Experts see the steady growth in the number of people seeking treatment and counseling as a sign that more people in China are now aware of the ill effects of alcohol.
Sheng, however, argued that China’s economic development and improving lifestyles have also been a major trigger for the rise in alcoholism.
“Most of my patients are male, aged in their 50s or 60s,” she said. “They had limited access to alcohol before the 1980s, as they could purchase such beverages only with tickets, and hence had less chance of becoming alcoholic.”
The market for alcohol opened up in the 1980s and “most of the people who had been drinking small quantities ended up as dependent over the next decade”, Sheng said.
Along with hospitals, there has also been an increase in people turning to support groups such as Alcoholics Anonymous.
Doctors from Anding Hospital and the Sixth Hospital of Peking University set up the first Chinese branch of the AA in Beijing in 2000. Starting with just 10 members, the support group, famous for its 12-step program, now has more than 100, including Chinese and foreigners.
“When we were young, drinking was a luxury. Now it’s not uncommon to see people drinking just to get drunk,” said an AA member in his 60s on condition of anonymity. She said he has been sober since 1999.
Sheng said many patients complained of work or life pressures.

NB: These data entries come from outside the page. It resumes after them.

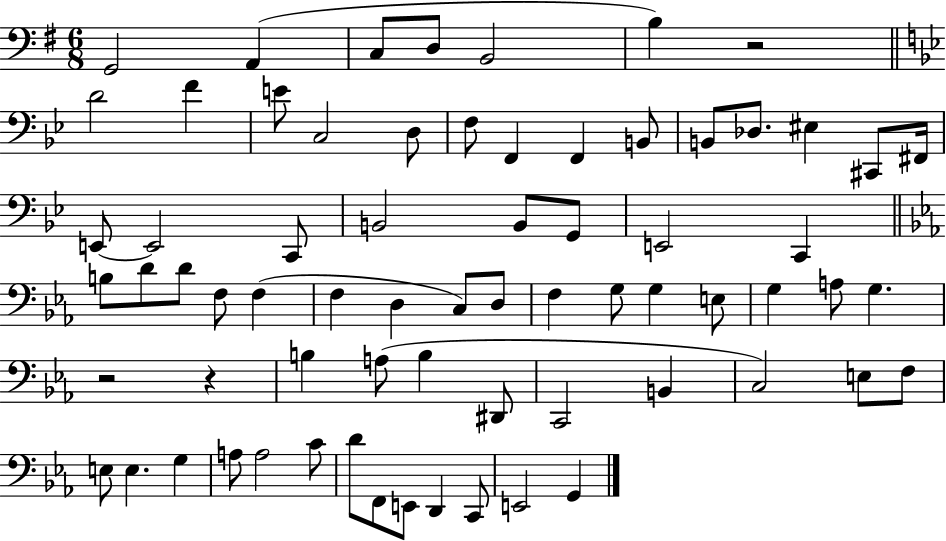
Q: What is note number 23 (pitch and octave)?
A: C2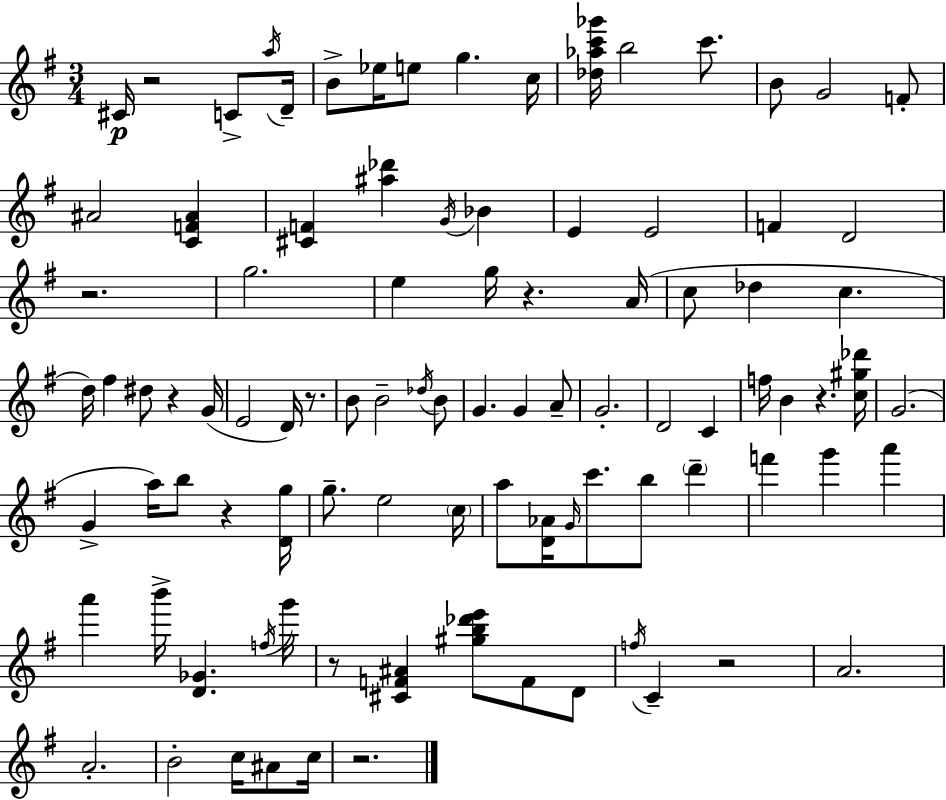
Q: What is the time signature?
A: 3/4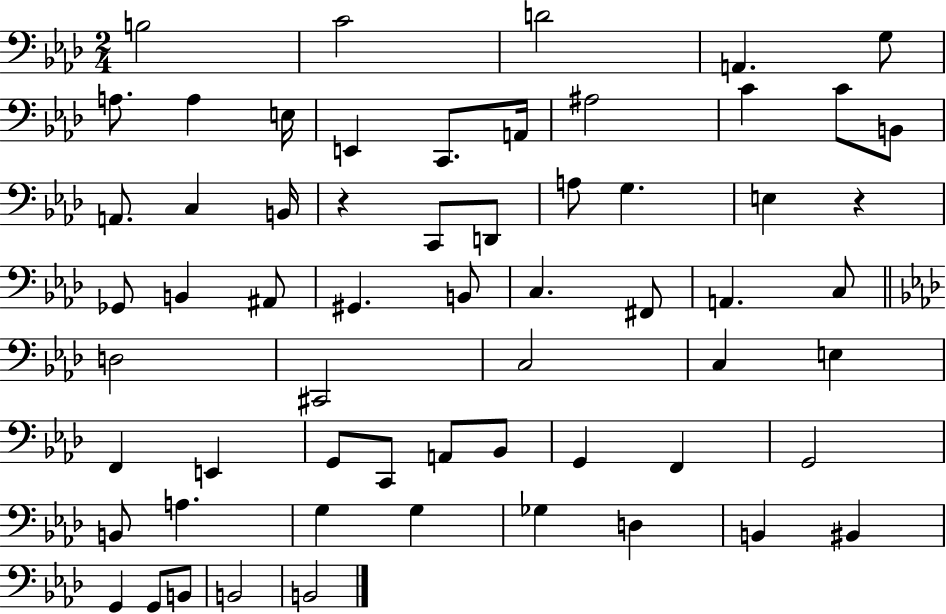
B3/h C4/h D4/h A2/q. G3/e A3/e. A3/q E3/s E2/q C2/e. A2/s A#3/h C4/q C4/e B2/e A2/e. C3/q B2/s R/q C2/e D2/e A3/e G3/q. E3/q R/q Gb2/e B2/q A#2/e G#2/q. B2/e C3/q. F#2/e A2/q. C3/e D3/h C#2/h C3/h C3/q E3/q F2/q E2/q G2/e C2/e A2/e Bb2/e G2/q F2/q G2/h B2/e A3/q. G3/q G3/q Gb3/q D3/q B2/q BIS2/q G2/q G2/e B2/e B2/h B2/h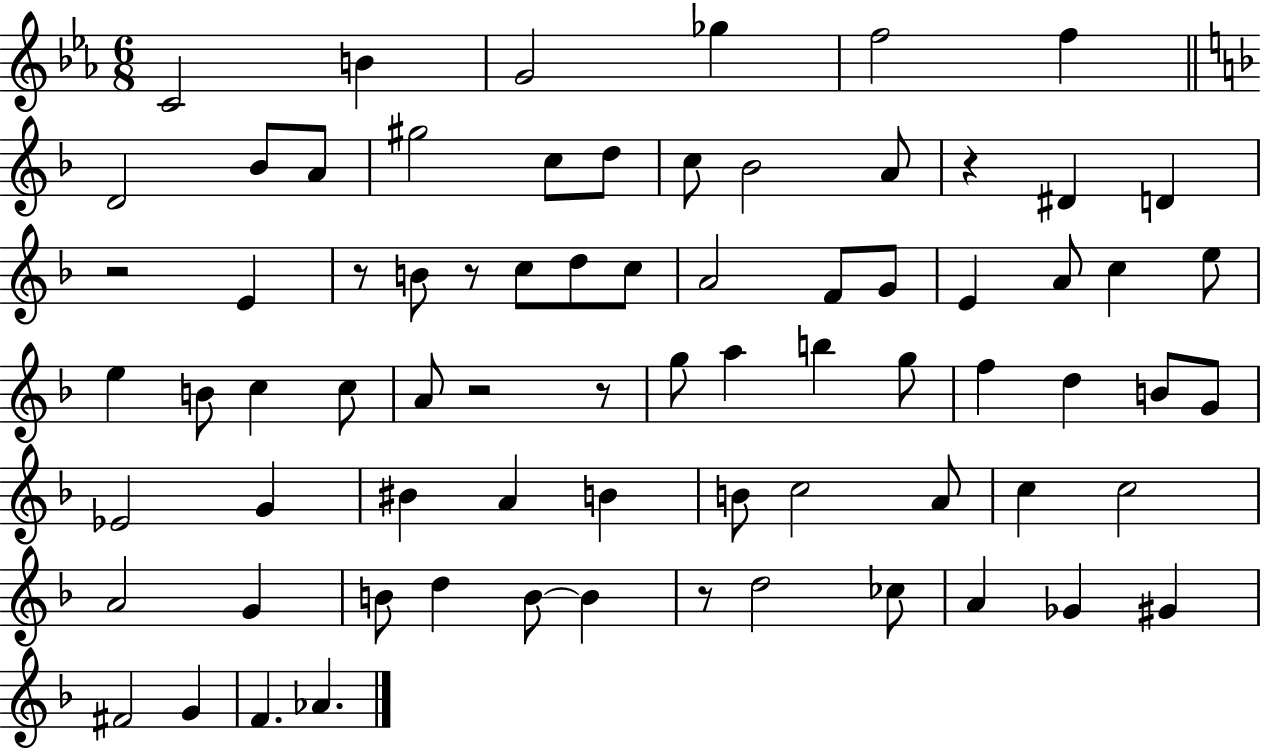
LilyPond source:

{
  \clef treble
  \numericTimeSignature
  \time 6/8
  \key ees \major
  c'2 b'4 | g'2 ges''4 | f''2 f''4 | \bar "||" \break \key f \major d'2 bes'8 a'8 | gis''2 c''8 d''8 | c''8 bes'2 a'8 | r4 dis'4 d'4 | \break r2 e'4 | r8 b'8 r8 c''8 d''8 c''8 | a'2 f'8 g'8 | e'4 a'8 c''4 e''8 | \break e''4 b'8 c''4 c''8 | a'8 r2 r8 | g''8 a''4 b''4 g''8 | f''4 d''4 b'8 g'8 | \break ees'2 g'4 | bis'4 a'4 b'4 | b'8 c''2 a'8 | c''4 c''2 | \break a'2 g'4 | b'8 d''4 b'8~~ b'4 | r8 d''2 ces''8 | a'4 ges'4 gis'4 | \break fis'2 g'4 | f'4. aes'4. | \bar "|."
}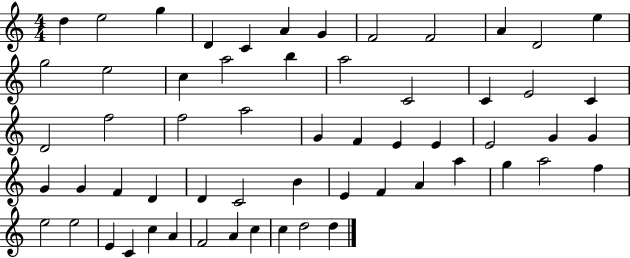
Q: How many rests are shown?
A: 0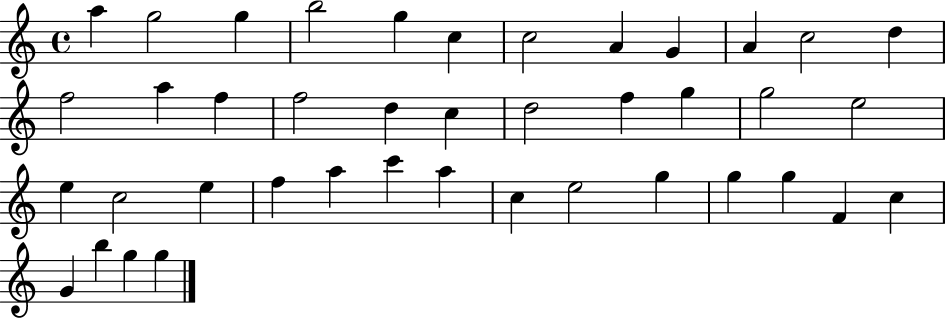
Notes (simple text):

A5/q G5/h G5/q B5/h G5/q C5/q C5/h A4/q G4/q A4/q C5/h D5/q F5/h A5/q F5/q F5/h D5/q C5/q D5/h F5/q G5/q G5/h E5/h E5/q C5/h E5/q F5/q A5/q C6/q A5/q C5/q E5/h G5/q G5/q G5/q F4/q C5/q G4/q B5/q G5/q G5/q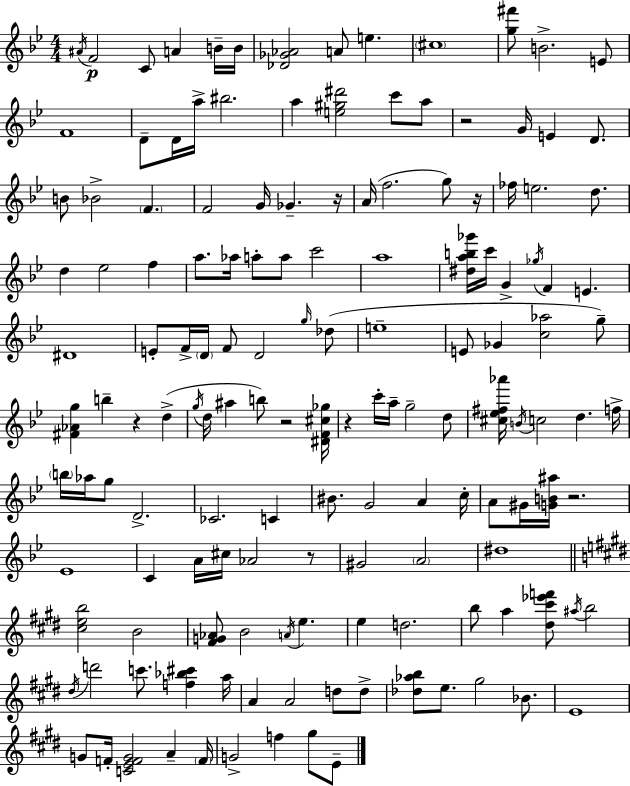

“Most who come to our clinic also exhibit other psychiatric disorders, such as depression and anxiety,” she said, while adding that Chinese drinking etiquette, such as teasing people to drink, are also to blame for the growing number of alcoholics.
“Patients need an environment that is conducive for a complete recovery,” she said. “The fact is many of us have and are still urging others to drink during a dinner.”
Sun at Huilongguan Hospital agreed and added, “In China, being able to drink is considered competitive as it helps clinch business deals at the dinner table.”
This, besides being a cultural shock, also poses a challenge for foreigners in China, according to a Beijing AA member from the United States.
“If you go to a business dinner, everyone wants to see foreigners drink. They keep saying ganbei, ganbei,” the 35-year-old said, referring to the Chinese term for bottoms up. “They love to have foreigners drink. I think they do it because they want to be friendly, and they think foreigners love to drink.”
The liberal and even encouraging attitude toward drinking has also affected children, said a 34-year-old Chinese woman at Beijing AA.
She said she started drinking at 17 and enjoyed a reputation among her friends for her tolerance. Alcoholism set in when she began to work abroad and used alcohol to cope with homesickness and work pressure.
“I guess the problem might go back to my early years,” she said. “People in my family can drink a lot, and they didn’t prevent me from drinking even when I was a child.”
Sheng said at family dinners in China it is common to see adults dip a chopstick in wine and then let the children taste it for fun.
“But the risk is that the child could grow up and think that drinking is nothing serious,” she said, explaining that China has no age ban on alcohol consumption.
“It’s common for young people to drink beer at parties or dinner, and easy for them to purchase alcohol from any store or restaurant,” she said.